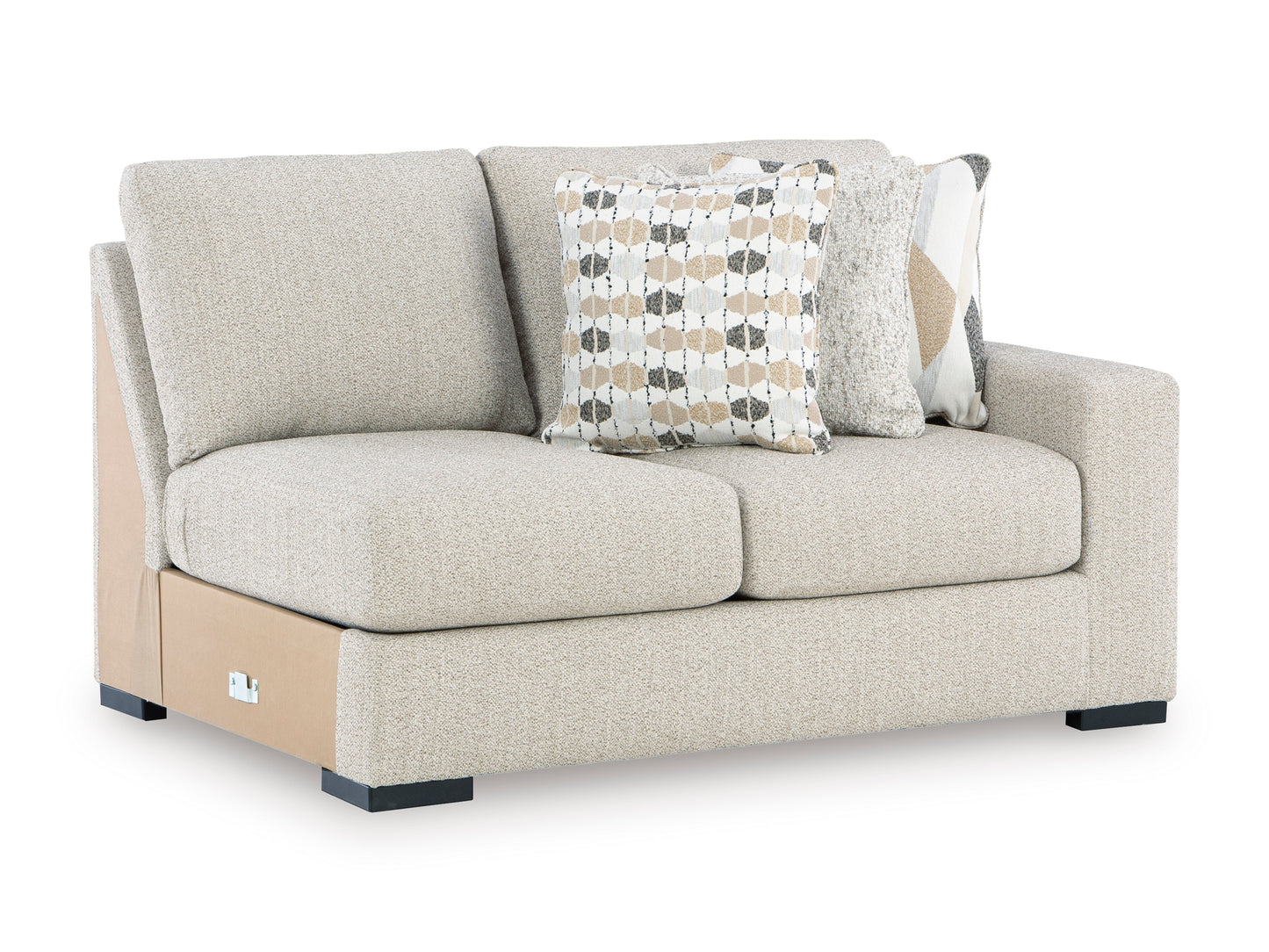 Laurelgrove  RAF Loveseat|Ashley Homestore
* * *
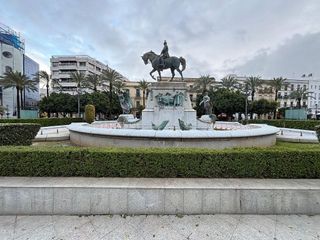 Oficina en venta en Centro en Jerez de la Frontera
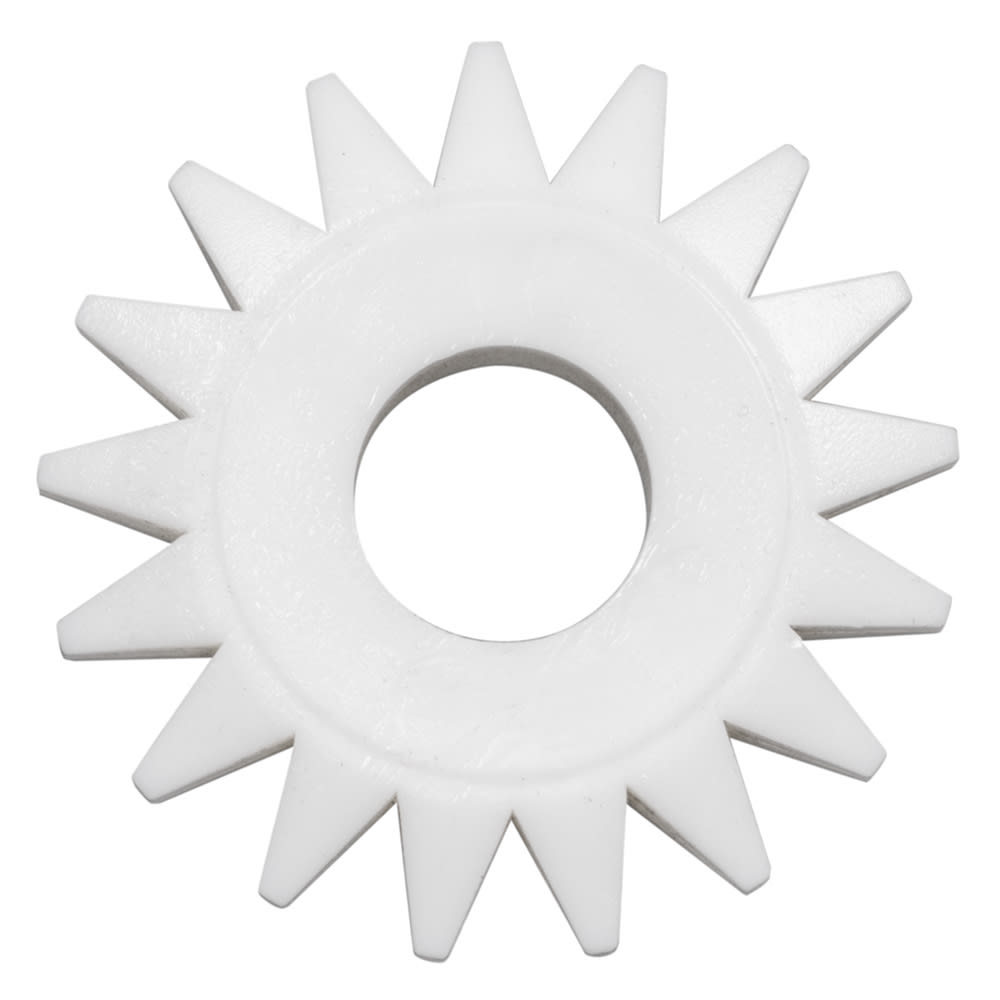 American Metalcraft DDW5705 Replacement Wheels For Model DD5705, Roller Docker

What you need to do: Using the entries above, repeat exactly the lines from the one with "Oficina en venta" to the one with "American Metalcraft DDW5705", both included, and leave the pictures behind.

Answer area:
 Oficina en venta en Centro en Jerez de la Frontera
 American Metalcraft DDW5705 Replacement Wheels For Model DD5705, Roller Docker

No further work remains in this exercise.